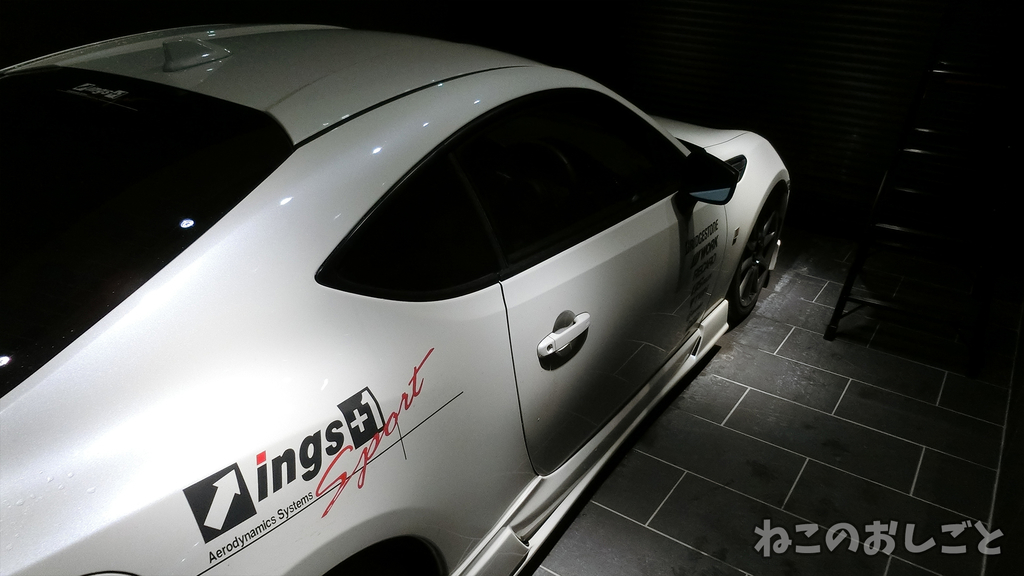 f:id:necozuki299:20190123223614j:plain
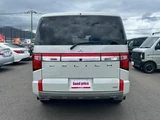 2021 Mitsubishi Delica D:5 P Sedan for sale, Japanese used car export - photo 2 of 9 | GULJI TRADERS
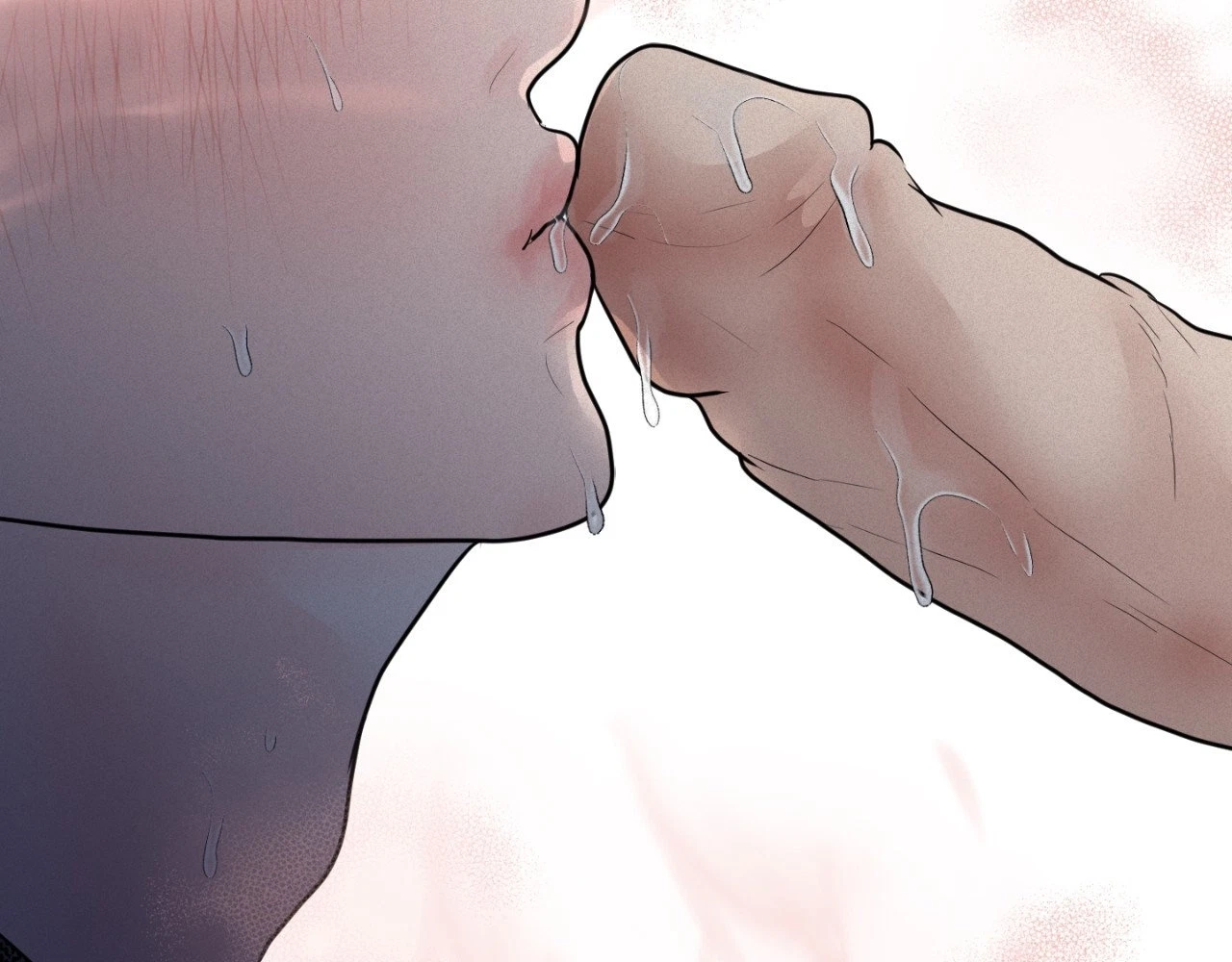 Chapter 227, page 219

> TASK STATEMENT
Exactly the lines from the one containing "2021 Mitsubishi Delica" through the last line of the data above should be output, both ends included, with every picture left out.

> RESPONSE
 2021 Mitsubishi Delica D:5 P Sedan for sale, Japanese used car export - photo 2 of 9 | GULJI TRADERS
 Chapter 227, page 219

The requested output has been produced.